In a study from the American Heart Association, scientists found visiting high-altitude locations may be dangerous for people with high blood pressure or certain heart conditions.
The study offers guidance about engaging in recreational activities in mountainous regions.
The scientific statement suggests that to help prepare for emergencies beforehand, people with high blood pressure, coronary artery disease, heart rhythm abnormalities or heart failure first should check with a healthcare professional.
Consequences can be serious and even fatal, such as sudden cardiac death, which can occur within the first 24 hours of altitude change.
At higher altitudes – any place 9,840 feet above sea level or higher – the heart needs more oxygen-rich blood, even at rest.
Activities at higher altitudes such as skiing, hiking, bicycling or climbing can place too much stress on the heart and blood vessels due to lower levels of oxygen and fluctuations in air pressure, temperature and humidity.

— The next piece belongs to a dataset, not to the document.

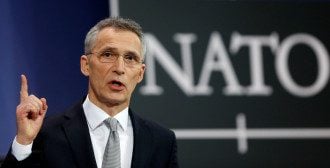 НАТО созывает встречу с представителями Украины накануне переговоров с РФ
НАТО созывает встречу с представителями Украины накануне переговоров с РФ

Even at moderate altitudes, such as 8,800 feet above sea level, fainting can be common and may happen within 24 hours of making the ascent.

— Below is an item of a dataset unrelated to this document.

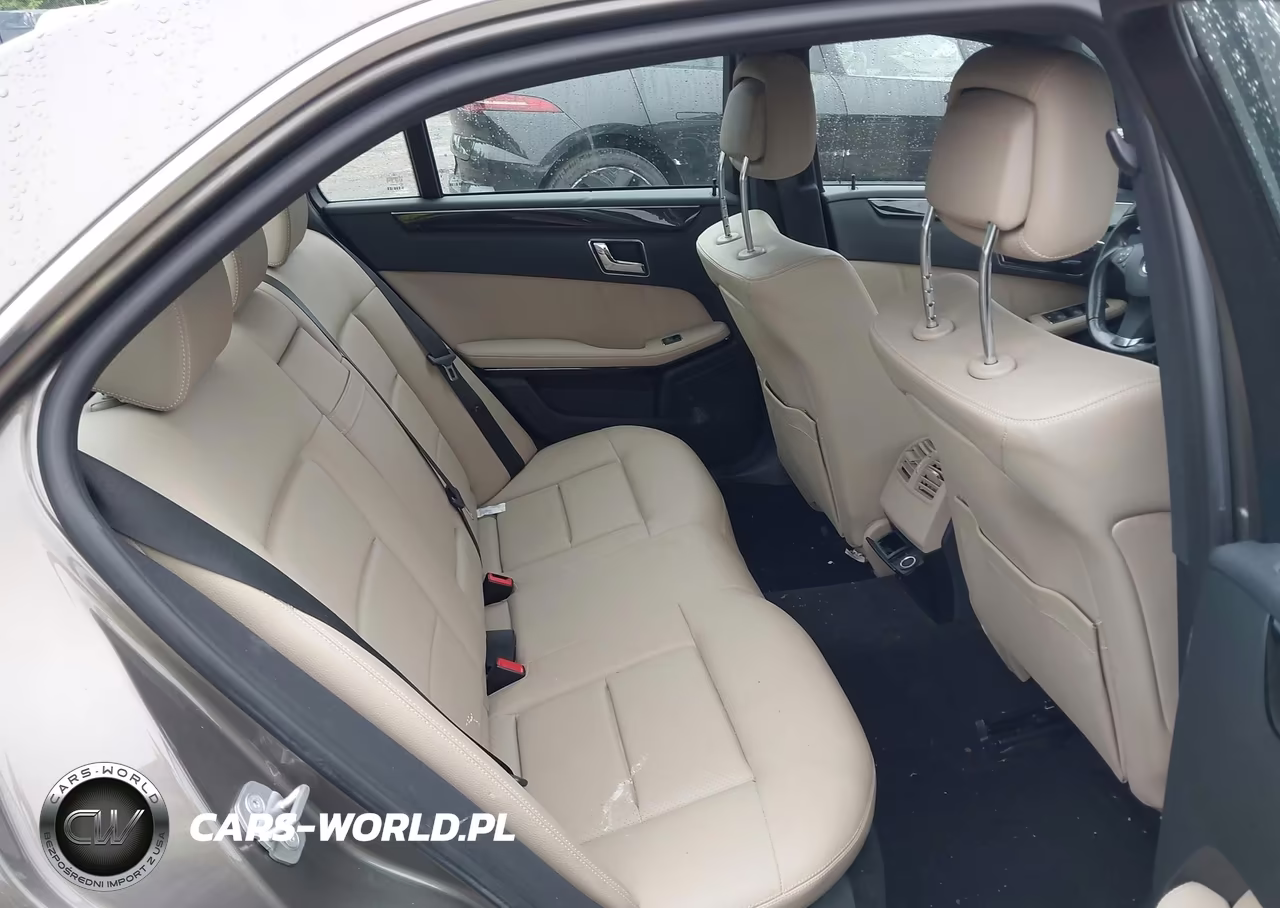 2011 Mercedes-Benz E 350 4Matic VIN:WDDHF8HB8BA368578 - 8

More than 100 million people travel to high-altitude, mountainous regions in the U.S. for work or pleasure each year, the report said.
Many have risk factors for or already have been diagnosed with cardiovascular disease, so it’s important to know the potential impact of exertion on the body, especially when medical centers that provide advanced cardiac care can be difficult to find or reach in some mountain areas.
People who live at high altitudes face fewer risks because their bodies have had time to adjust to living with less oxygen.
The statement advises increasing altitude gradually to give the body time to adjust to lower oxygen levels; drinking lots of fluids for better hydration; limiting or avoiding alcohol; and planning how to descend in an emergency.
It suggests people with heart conditions consult a doctor about whether they need to adjust heart medications before travel.
Finally, it recommends anyone who could potentially require emergency care to identify where to find it and to learn the symptoms that would prompt a need for it.